When considering which algorithm to choose for a given situation, great weight should be given to the simplicity of the algorithm. This is known as the K.I.S.S. principle, or Keep It Simple, Stupid. By simple, we are referring to the readability and understandability of the algorithm. These qualities are directly proportional to the maintainability of the algorithm.

To better understand why this simplicity is important, consider the opposite direction. For each level of complexity added, either a group of programmers will be eliminated from maintaining that code or, at the very least, they will use more development time maintaining it. This does more than increase the development time for that algorithm alone. The programmers who are capable of maintaining the algorithm become a bottleneck for the team any time the algorithm must be changed. As more algorithms that are complex are introduced, the chance becomes greater that these bottleneck situations could result in the loss of development time for multiple programmers.

Know the Options

Before you can presume to choose the simplest algorithm, you must know what algorithms are available that fit your requirements. The good news is that many of the simpler algorithms are widely know. If you are considering an algorithm that is common knowledge, you increase the maintainability of the algorithm even if it is not the simplest. It is therefore important to understand what algorithms are well known within the computer science community. Consulting with the less experienced programmers, particularly those fresh out of college, is a good way to determine whether an algorithm is common knowledge.

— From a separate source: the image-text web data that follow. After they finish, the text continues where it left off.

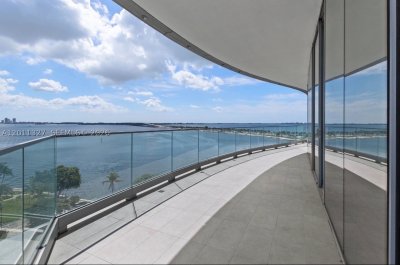 Alquiler de apartamento en Una Residences at Brickell 704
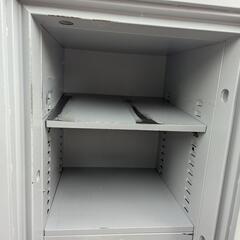 大きな金庫の画像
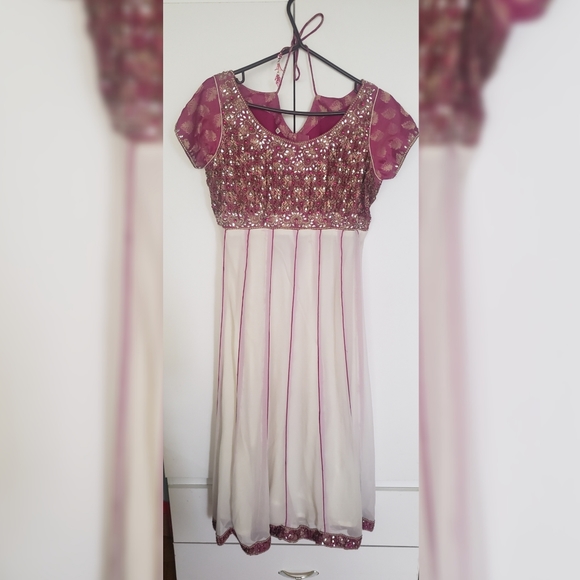 Indian wear - Picture 1 of 3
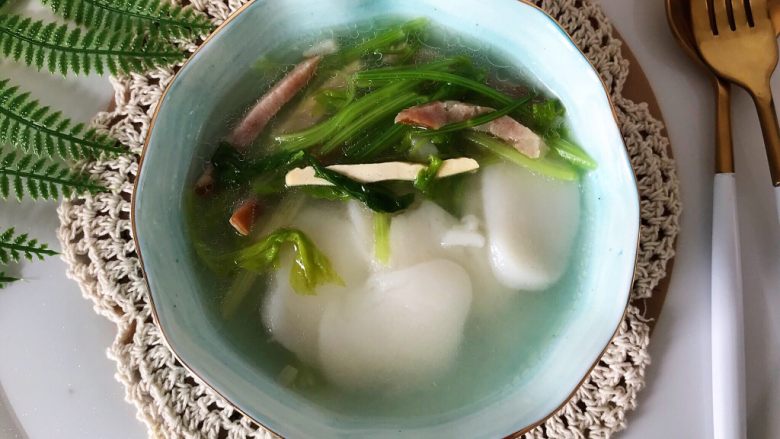 芹菜香干红肠汤年糕,开吃(❀ฺ´∀`❀ฺ)ノ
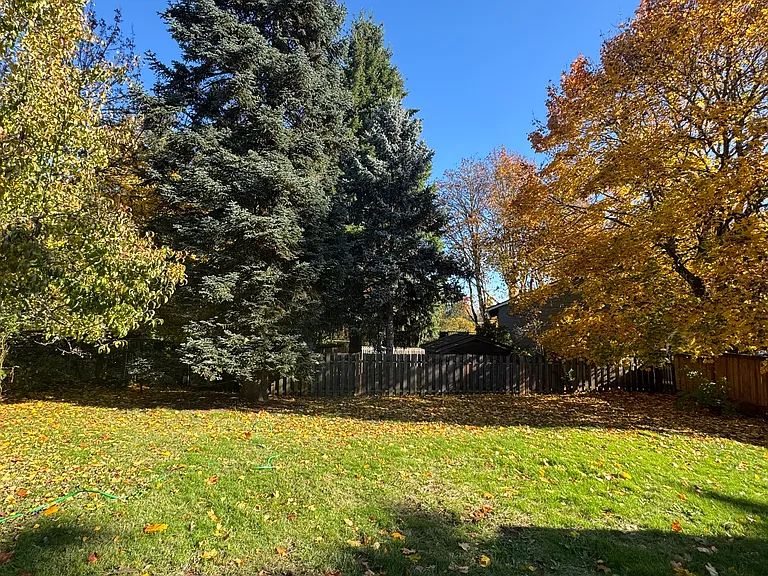 22350 SW Lee Dr — Photo 20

When we talked about K.I.S.S., you were encouraged to choose the simplest algorithm. It might seem contradictory to now recommend choosing the most commonly known algorithm. This is not as much a contradiction as it might first appear, because algorithms that find wide adoption are generally those that are simplest to understand. This is a form of natural selection of algorithms, which supports the idea that simple algorithms are the most beneficial for software development. The longer the algorithm has been around to survive the selection process, the more likely it is to be simple and well known. However, also as with natural selection, some algorithms that were once extremely effective and popular might have become obsolete with changes in the environment. In the case of software development, this environment is the hardware, which sees constant improvements, and inevitably has an effect on the software that is run on it. Although these algorithms will eventually disappear, it takes time for them to be removed by evolution, and there can sometimes be remnants that remain indefinitely.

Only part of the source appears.